Air cannon innovations in preheater towers
Preheater tower downtime is costly in cement processing, both from a production and energy standpoint. Old air cannon solutions raise labor costs and put workers at potential risk in a daunting job that degrades morale. Recent innovations in the engineering, installation, assembly and design of air cannons have been particularly effective in maintaining safe, efficient flow in preheater towers.
Introduction
An essential part of the cement production process is the consistent flow of bulk materials, as poor material flow can put a stranglehold on a plant’s profitability. Accumulations in storage systems and process vessels can choke material movement, causing bottlenecks that create expensive obstacles to equipment performance and process efficiency. Poor material flow also raises maintenance expenses, diverting manpower from core activities. If they become severe enough, flow problems can bring production to a complete stop.
Air cannons have a long history of resolving material flow issues associated with bulk handling. Also known as air blasters, they are employed in a number of applications in cement production, from unclogging hoppers to moving super-heated material through the cooling process.

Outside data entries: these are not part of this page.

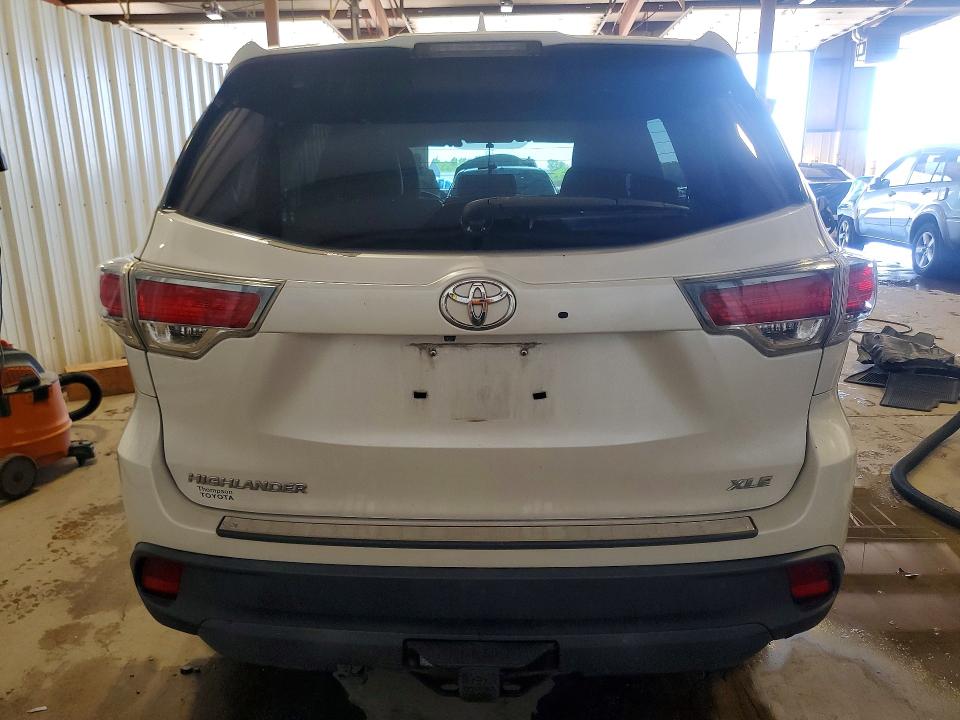 Продажа на аукционе авто 2015 Toyota Highlander, vin: 5TDKKRFH7FS097689, номер лота: 56091716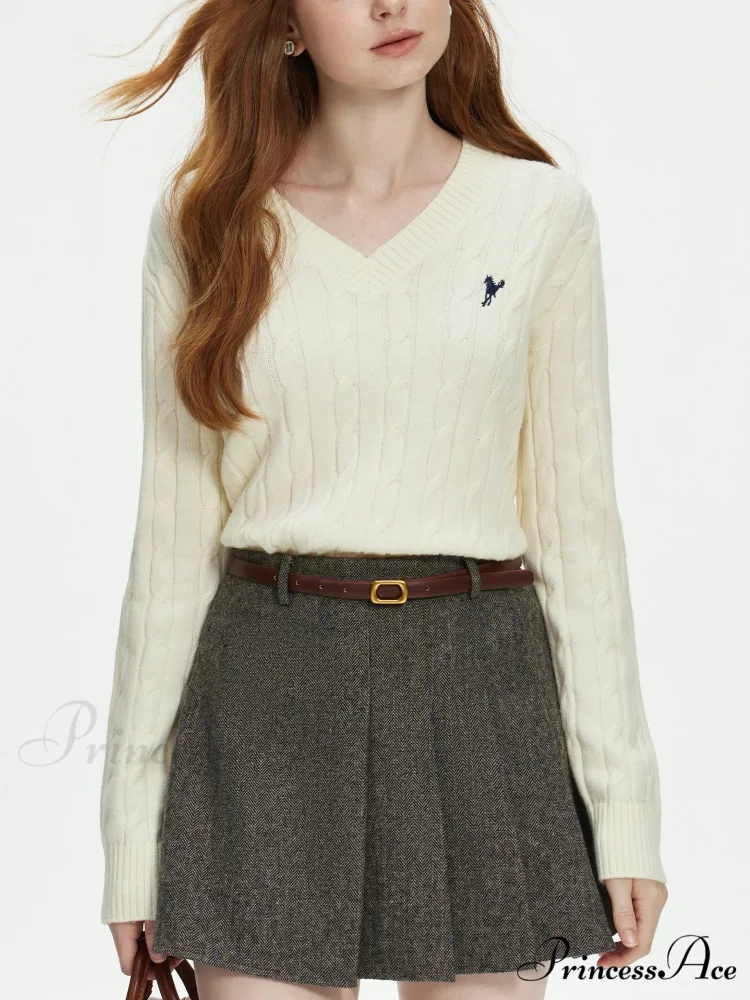 Deep-neck Stitched Coiled Blossom Jumper - Image 5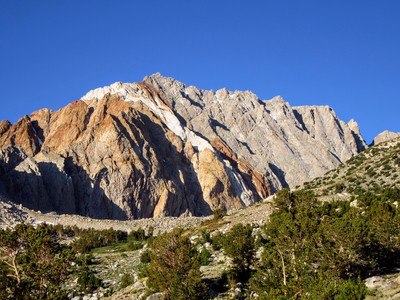 The stunning north face of Mt Emerson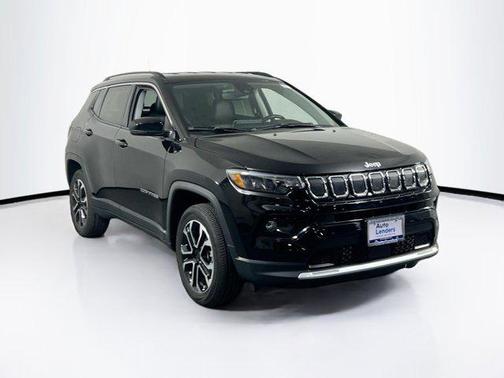 Diamond Black Crystal Pearlcoat 2022 Jeep Compass Limited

Recent innovations in the engineering, installation, assembly and design of air cannons have been particularly effective in maintaining safe, efficient flow in preheater towers.
“As raw materials travel through the conveying, crushing, calcining, mixing and packaging processes, air cannons are instrumental in maintaining process flow,” explained Sid Dev, Martin Engineering Product Manager for Air Cannons. “They function by releasing a powerful shot of pressurized air from a tank through a pipe assembly to a specialized nozzle, removing collected material from surfaces and directing it back into the process stream.”
In the preheater, air cannons dislodge buildup from the walls of riser ducts, feed pipes and other locations to avoid clogging and promote the free flow of material. Before their widespread adoption, when operators detected a flow bottleneck, production would be halted and the process shut down for manual cleaning, typically by workers in high heat PPE using air lances, widely considered one of the least desirable jobs in cement production.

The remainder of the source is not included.